Pictures in the data should be dropped; transcribe exactly the lines from the one that has "Serre de jardin" through the one that has "Scheepjes Catona Baumwollgarn".

####

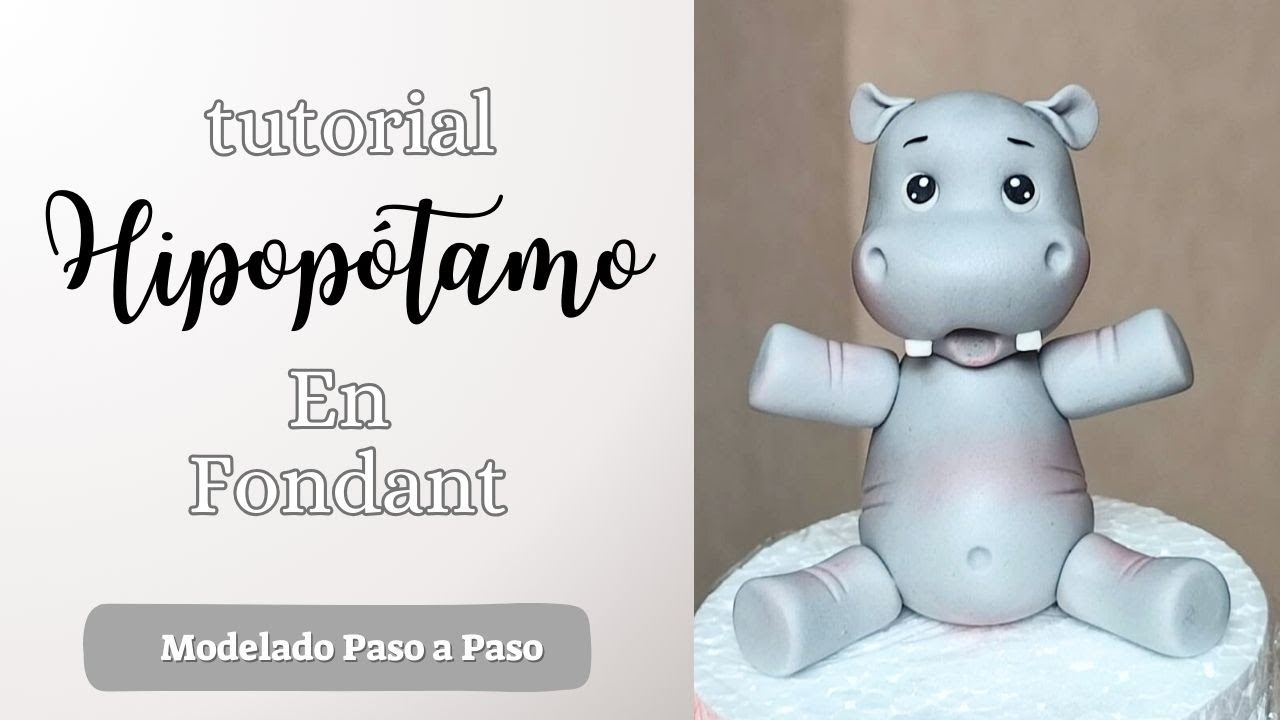 Cómo Hacer un Hipopótamo en Fondant// Hippo Fondant CakeTopper// figuras Fondant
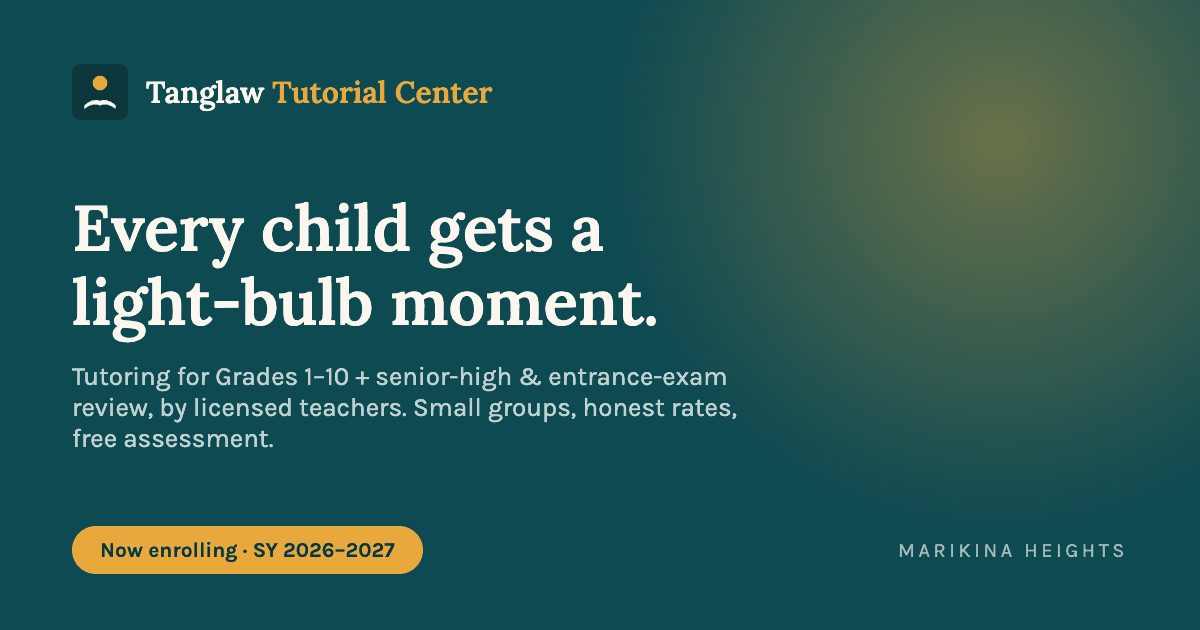 Tanglaw social-share preview card: 'Every child gets a light-bulb moment' on a chalkboard-teal background with a marigold glow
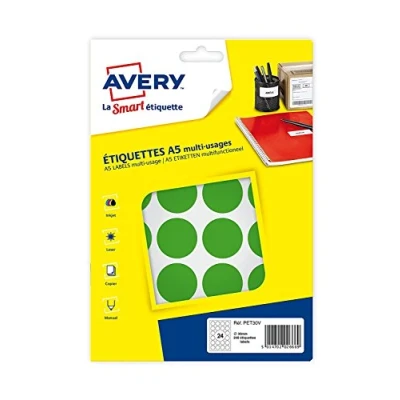 Abbildung von Avery 240 Tabletten Ø30 mm Brett A5 Grün (pet30 V)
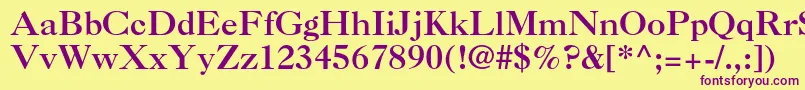 Caslon3ltstdRoman Font – Purple Fonts on Yellow Background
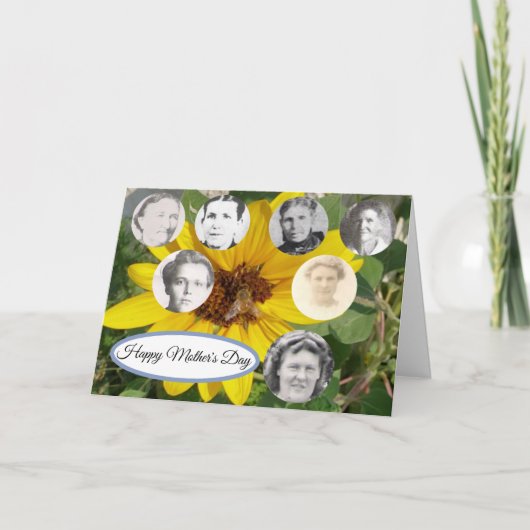 家族産ひまわり及びミツバチの母親の日 シーズンカード (正面)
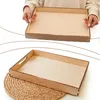 Two images of a wooden tray, one held by hands and the other on a placemat. Produktbild-Vorschau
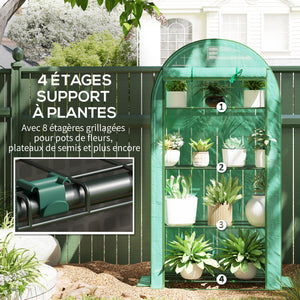 Serre de jardin serre de balcon avec étagères à 4 niveaux, cadre en acier, bâche en PE pour légumes, plantes, fleurs, toutes saisons, 105 x 45 x 160 cm, vert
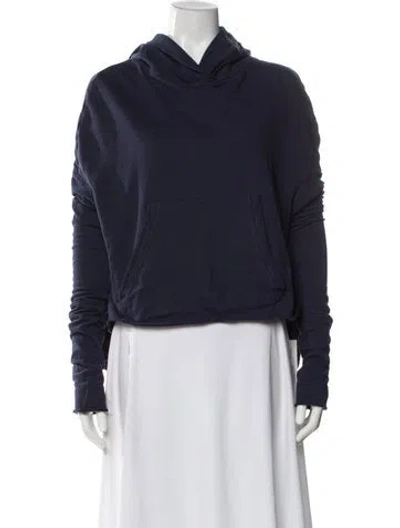 Pre-owned Y-3 Crew Neck Long Sleeve Hoodie In Blue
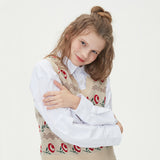 WAVE FLOWER JAQUARD KNIT VEST_BEIGE (6610817482870)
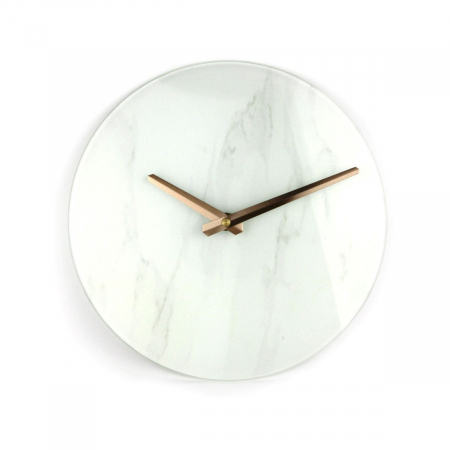 Ceasuri decorative - Ceas decorativ de perete Platinet Marble 44871, cadran din marmura imitativa si sticla, 250x250x35mm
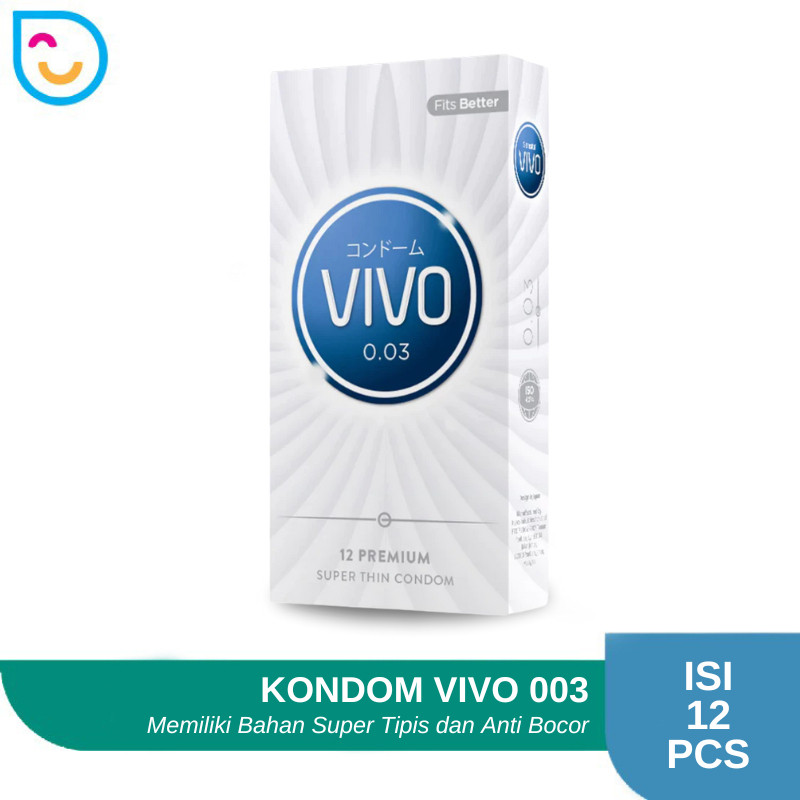 Kondom Sensitif Vivo 0.03 Condom Super Tipis Isi 12 Sachet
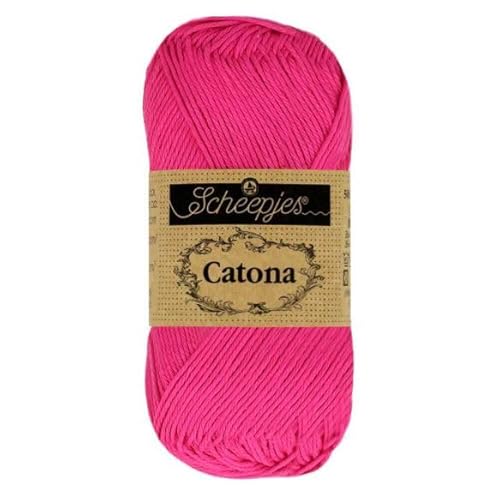 Scheepjes Catona Baumwollgarn neonfarben neon pink uni einfarbig, reine Baumwolle zum stricken und häkeln | 100% Baumwolle | 50g 210m (604 Neon Pink) von Scheepjes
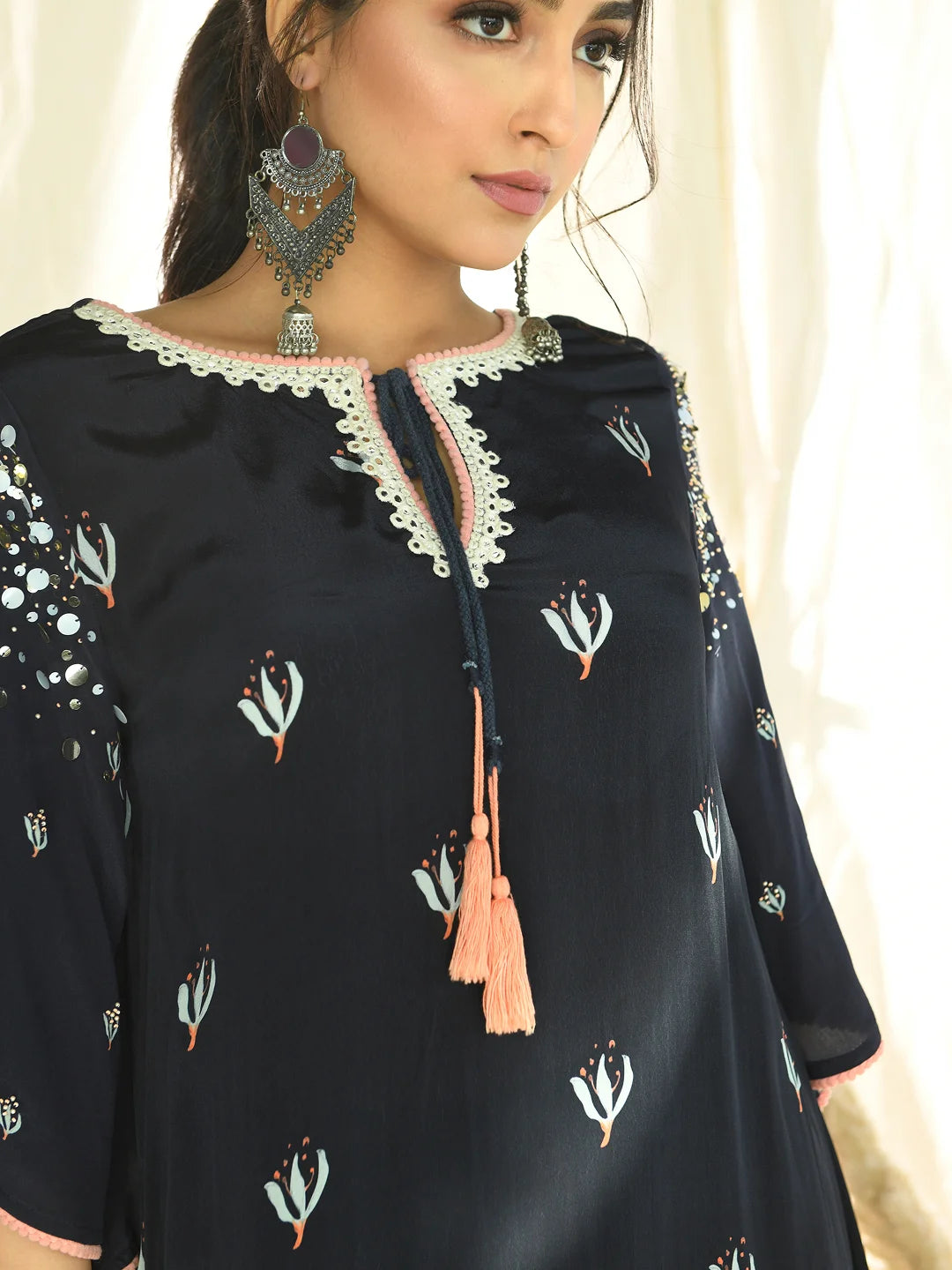 Midnight motif printed kurta & dhoti set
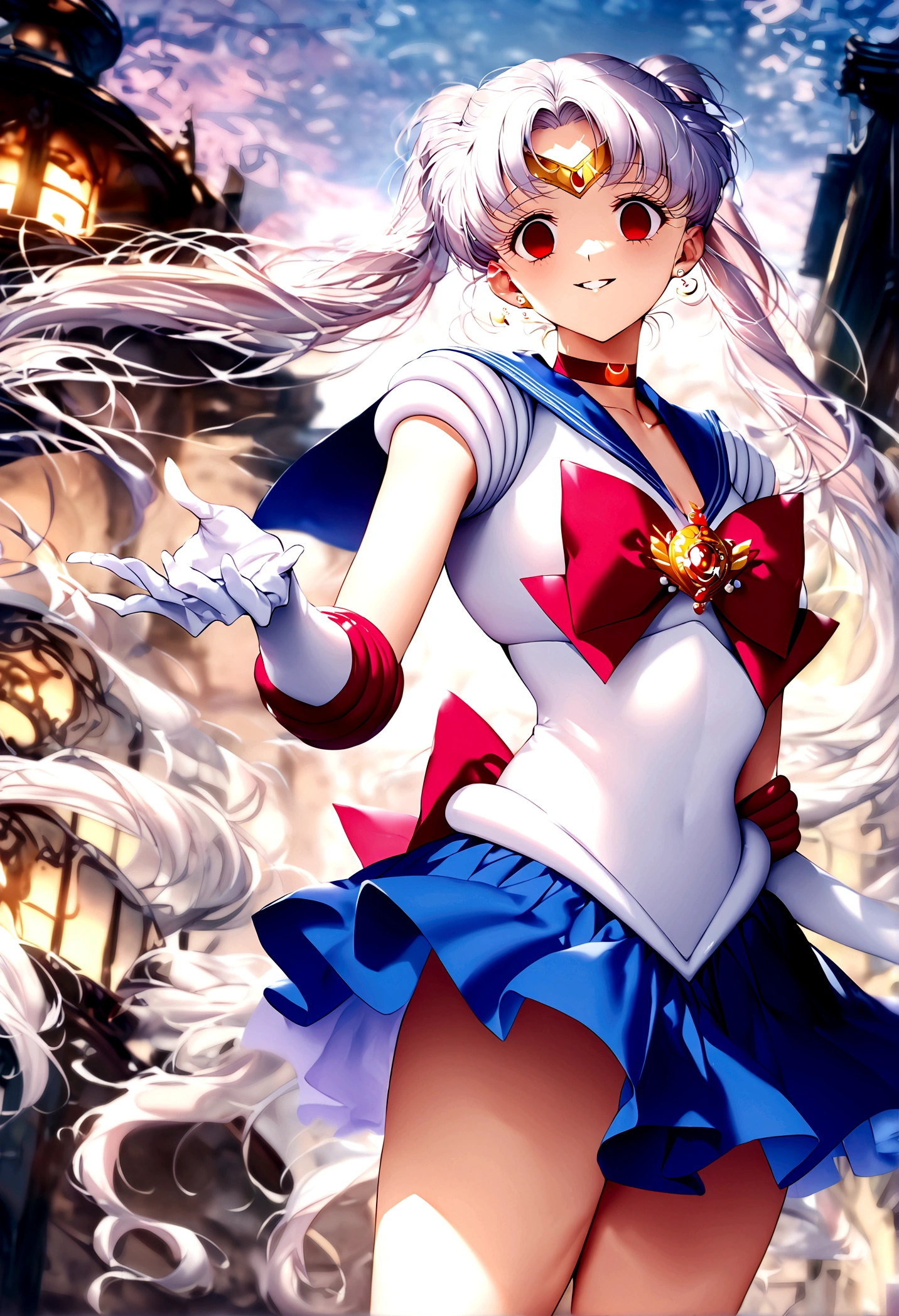 (masterpiece, Highest quality, so beautiful, Super detailed), Intricate details, 12k, Honestly, Long Hair, Double Bang, Twin tails, Parted bangs, tiara, Earrings, red eyes, Red choker, Blue sailor collar, Red Bow, White shirt, Elbow hand pockets, White gloves, Blue Skirt, Are standing, Cowboy Shot,,(evil smile:1.2), 1girl,(Silver Hair:1.4),(empty eyes,:1.4),from below,looking dawn,dark aura,View your viewers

####

**Problem solution:**
 Serre de jardin serre de balcon avec étagères à 4 niveaux, cadre en acier, bâche en PE pour légumes, plantes, fleurs, toutes saisons, 105 x 45 x 160 cm, vert
 Pre-owned Y-3 Crew Neck Long Sleeve Hoodie In Blue
 WAVE FLOWER JAQUARD KNIT VEST_BEIGE (6610817482870)
 Ceasuri decorative - Ceas decorativ de perete Platinet Marble 44871, cadran din marmura imitativa si sticla, 250x250x35mm
 Kondom Sensitif Vivo 0.03 Condom Super Tipis Isi 12 Sachet
 Scheepjes Catona Baumwollgarn neonfarben neon pink uni einfarbig, reine Baumwolle zum stricken und häkeln | 100% Baumwolle | 50g 210m (604 Neon Pink) von Scheepjes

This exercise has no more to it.